Usage (MCP — Secondary)

Each agent can be served as an MCP stdio server for non-ADK clients:

# Start the Catalog Agent as an MCP server
sdc-agents serve --mcp catalog

# Start the Introspect Agent as an MCP server
sdc-agents serve --mcp introspect

# Any of the 8 MCP agents: assembly, catalog, distribution, generator, introspect, knowledge, mapping, validation
sdc-agents serve --mcp validation

CLI Commands

# Show configuration summary and agent inventory
sdc-agents info
sdc-agents info --config path/to/sdc-agents.yaml

# Validate a config file (useful in CI)
sdc-agents validate-config
sdc-agents validate-config --config path/to/sdc-agents.yaml

# Inspect the audit log
sdc-agents audit show                        # last 50 records
sdc-agents audit show --agent catalog        # filter by agent
sdc-agents audit show --last 24h --limit 20  # recent records
sdc-agents audit show --audit-path ./logs/audit.jsonl  # custom path

Docker

A single image serves all 8 MCP-servable agents. Select the agent at runtime with SDC_AGENT:

# Serve a single agent as an MCP server
docker run -v ./sdc-agents.yaml:/home/sdc/sdc-agents.yaml:ro \
  -e SDC_AGENT=catalog \
  ghcr.io/semanticdatacharter/sdc-agents

# Run any CLI command
docker run -v ./sdc-agents.yaml:/home/sdc/sdc-agents.yaml:ro \
  ghcr.io/semanticdatacharter/sdc-agents info

docker run -v ./sdc-agents.yaml:/home/sdc/sdc-agents.yaml:ro \
  ghcr.io/semanticdatacharter/sdc-agents validate-config

Build locally:

docker build -t sdc-agents .
docker run sdc-agents  # prints usage hint

CI/CD

  • CI (.github/workflows/ci.yml): Runs on push to dev and PRs to main. Lints with ruff, checks formatting with black, runs pytest with coverage across Python 3.11/3.12/3.13.
  • Docker (.github/workflows/docker.yml): Builds and pushes to GHCR on push to main and v* tags.
  • PyPI (.github/workflows/release.yml): Publishes to PyPI on v* tags via OIDC trusted publisher (no API tokens).
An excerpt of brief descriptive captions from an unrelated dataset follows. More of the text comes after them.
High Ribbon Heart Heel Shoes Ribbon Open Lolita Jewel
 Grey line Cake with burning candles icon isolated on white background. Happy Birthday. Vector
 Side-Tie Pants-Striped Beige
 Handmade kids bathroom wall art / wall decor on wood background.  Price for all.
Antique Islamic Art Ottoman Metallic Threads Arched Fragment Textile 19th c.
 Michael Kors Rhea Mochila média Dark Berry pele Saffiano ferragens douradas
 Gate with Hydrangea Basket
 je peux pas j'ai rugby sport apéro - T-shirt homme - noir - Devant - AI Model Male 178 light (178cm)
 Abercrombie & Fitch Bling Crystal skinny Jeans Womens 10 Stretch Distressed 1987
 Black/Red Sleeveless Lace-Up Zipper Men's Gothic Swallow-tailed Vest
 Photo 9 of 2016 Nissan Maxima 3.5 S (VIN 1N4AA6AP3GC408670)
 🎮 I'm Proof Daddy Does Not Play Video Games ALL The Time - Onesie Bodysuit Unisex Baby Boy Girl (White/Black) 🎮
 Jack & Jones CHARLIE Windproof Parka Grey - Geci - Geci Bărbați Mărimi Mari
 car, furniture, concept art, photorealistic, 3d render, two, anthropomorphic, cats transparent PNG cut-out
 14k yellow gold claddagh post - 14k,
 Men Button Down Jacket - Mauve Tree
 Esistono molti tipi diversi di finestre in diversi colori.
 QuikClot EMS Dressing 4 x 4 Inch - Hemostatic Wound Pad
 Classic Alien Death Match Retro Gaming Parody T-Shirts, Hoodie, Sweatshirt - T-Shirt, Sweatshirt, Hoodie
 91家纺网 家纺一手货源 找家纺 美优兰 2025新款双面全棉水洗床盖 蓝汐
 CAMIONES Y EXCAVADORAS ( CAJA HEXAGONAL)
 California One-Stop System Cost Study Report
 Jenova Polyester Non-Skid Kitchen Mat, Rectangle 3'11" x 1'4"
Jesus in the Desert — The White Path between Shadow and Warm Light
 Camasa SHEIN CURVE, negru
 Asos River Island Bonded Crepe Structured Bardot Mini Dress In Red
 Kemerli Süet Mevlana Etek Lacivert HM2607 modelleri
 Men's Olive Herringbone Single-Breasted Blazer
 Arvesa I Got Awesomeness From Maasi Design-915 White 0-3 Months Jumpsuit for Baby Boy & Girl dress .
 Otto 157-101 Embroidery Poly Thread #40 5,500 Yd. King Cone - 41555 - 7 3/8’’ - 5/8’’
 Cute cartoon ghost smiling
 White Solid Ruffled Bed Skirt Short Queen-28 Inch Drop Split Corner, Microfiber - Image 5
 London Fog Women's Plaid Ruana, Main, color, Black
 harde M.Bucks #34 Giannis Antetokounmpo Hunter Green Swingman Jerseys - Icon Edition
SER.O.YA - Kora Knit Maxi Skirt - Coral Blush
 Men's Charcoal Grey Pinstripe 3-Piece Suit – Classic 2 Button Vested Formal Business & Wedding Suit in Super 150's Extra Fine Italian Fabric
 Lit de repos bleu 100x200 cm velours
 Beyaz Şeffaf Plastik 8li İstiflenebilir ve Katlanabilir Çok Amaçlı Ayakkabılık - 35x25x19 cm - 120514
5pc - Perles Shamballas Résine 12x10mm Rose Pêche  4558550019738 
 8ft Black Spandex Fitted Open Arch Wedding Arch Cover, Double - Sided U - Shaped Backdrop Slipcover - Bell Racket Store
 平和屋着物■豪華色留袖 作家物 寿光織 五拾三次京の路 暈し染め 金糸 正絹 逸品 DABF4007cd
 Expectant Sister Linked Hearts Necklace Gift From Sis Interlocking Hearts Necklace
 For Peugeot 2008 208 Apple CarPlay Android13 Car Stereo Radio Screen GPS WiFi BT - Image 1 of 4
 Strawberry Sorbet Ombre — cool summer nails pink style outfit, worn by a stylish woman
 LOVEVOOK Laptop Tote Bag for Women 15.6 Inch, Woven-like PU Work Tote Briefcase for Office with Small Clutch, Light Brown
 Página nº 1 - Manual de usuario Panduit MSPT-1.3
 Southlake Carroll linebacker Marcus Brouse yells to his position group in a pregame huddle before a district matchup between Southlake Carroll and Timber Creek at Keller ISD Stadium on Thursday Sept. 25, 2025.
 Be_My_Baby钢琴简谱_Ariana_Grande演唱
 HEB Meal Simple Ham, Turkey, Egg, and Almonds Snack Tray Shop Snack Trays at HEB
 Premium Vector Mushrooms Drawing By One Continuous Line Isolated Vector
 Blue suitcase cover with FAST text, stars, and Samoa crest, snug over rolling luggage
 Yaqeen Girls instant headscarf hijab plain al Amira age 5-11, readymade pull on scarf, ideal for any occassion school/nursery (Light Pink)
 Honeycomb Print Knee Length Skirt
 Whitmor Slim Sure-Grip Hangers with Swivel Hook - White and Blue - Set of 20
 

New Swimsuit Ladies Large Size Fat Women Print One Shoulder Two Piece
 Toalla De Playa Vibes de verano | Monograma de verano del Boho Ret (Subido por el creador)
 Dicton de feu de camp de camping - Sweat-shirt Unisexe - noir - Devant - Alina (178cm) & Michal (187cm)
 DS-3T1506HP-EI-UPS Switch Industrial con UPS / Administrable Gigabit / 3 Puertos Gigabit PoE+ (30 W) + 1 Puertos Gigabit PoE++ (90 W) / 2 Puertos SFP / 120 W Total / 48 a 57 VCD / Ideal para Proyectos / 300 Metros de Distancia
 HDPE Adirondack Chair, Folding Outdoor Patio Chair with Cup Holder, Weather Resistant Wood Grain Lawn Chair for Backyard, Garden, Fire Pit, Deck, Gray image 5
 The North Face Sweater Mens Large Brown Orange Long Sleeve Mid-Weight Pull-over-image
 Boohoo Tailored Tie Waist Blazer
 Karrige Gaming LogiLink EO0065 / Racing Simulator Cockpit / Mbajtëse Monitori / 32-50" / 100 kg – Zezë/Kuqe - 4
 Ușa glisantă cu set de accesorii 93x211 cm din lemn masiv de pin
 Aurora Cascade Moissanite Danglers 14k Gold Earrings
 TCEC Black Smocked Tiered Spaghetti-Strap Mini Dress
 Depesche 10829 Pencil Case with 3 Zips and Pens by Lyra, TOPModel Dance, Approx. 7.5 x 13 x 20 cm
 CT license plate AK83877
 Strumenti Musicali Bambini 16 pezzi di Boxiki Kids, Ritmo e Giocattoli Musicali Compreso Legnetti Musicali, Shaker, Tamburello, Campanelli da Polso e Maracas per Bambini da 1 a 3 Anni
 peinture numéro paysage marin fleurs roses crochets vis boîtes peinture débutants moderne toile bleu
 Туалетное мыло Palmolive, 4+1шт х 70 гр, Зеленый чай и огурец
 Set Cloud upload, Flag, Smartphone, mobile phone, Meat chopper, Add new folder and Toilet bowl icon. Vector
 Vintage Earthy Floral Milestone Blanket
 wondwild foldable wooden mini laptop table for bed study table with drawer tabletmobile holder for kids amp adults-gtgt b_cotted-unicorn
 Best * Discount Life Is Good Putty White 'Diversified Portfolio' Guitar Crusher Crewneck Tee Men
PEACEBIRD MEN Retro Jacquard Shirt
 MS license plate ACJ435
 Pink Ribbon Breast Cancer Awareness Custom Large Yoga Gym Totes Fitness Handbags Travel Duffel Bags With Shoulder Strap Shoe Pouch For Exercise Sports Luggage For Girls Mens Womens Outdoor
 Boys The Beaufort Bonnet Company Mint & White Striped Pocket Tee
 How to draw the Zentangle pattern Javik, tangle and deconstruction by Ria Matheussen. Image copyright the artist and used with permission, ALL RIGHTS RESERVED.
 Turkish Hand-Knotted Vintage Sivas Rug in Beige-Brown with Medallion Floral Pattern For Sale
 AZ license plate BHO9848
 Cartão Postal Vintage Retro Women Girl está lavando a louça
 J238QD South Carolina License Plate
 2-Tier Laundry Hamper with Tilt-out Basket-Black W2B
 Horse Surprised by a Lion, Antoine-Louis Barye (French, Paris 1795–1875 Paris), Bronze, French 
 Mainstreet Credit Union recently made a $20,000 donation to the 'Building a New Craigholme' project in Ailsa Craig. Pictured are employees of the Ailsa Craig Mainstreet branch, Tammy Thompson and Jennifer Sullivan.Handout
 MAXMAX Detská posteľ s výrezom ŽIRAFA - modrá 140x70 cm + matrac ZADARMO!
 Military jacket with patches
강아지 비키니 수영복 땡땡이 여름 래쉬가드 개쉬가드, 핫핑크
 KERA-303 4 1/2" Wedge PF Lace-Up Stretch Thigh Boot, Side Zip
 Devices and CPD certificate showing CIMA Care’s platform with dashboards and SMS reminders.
One-time setup (maintainer):

  1. Configure PyPI trusted publisher — owner: SemanticDataCharter, repo: SDC_Agents, workflow: release.yml, environment: pypi
  2. Create a pypi environment in GitHub repo settings (Settings > Environments)

Testing

# Run all tests
pytest

# Run with coverage
pytest --cov=sdc_agents

# Run specific test modules
pytest tests/toolsets/test_catalog.py
pytest tests/security/

Documentation


Implementation Phases

Phase Goal Status
Phase 1 Catalog, Introspect, and Mapping agents with shared infra Complete
Phase 2 Generator and Validation agents, Introspect extensions Complete
Phase 3 Distribution Agent with multi-destination delivery Complete
Phase 4 Production hardening: CLI, Docker, CI/CD, MCP export, documentation Complete
Phase 5 Knowledge Agent + Component Assembly Agent Complete
Phase 5.5 PDF/DOCX Knowledge Sources + Semantic Discovery Agent Complete
Phase 6 ADK ecosystem contributions (adk-sparql-tools, Integration Page) Complete

What's Implemented (Phases 1–3)

Common infrastructure:

  • Pydantic config with ${VAR} substitution (fail closed), append-only JSONL audit logger with credential redaction, cache manager with path helpers

CatalogToolset (5 tools): catalog_list_schemas, catalog_get_schema, catalog_download_schema_rdf, catalog_download_skeleton, catalog_download_ontologies — httpx async, cache-first for immutable schemas, optional token auth for Modeler-scoped results

IntrospectToolset (5 tools): introspect_sql (SELECT-only enforcement), introspect_csv (type inference for 10 types), introspect_json (JSONPath extraction), introspect_mongodb (BSON-to-SDC4 type mapping), introspect_bigquery (BigQuery schema extraction via asyncio.to_thread)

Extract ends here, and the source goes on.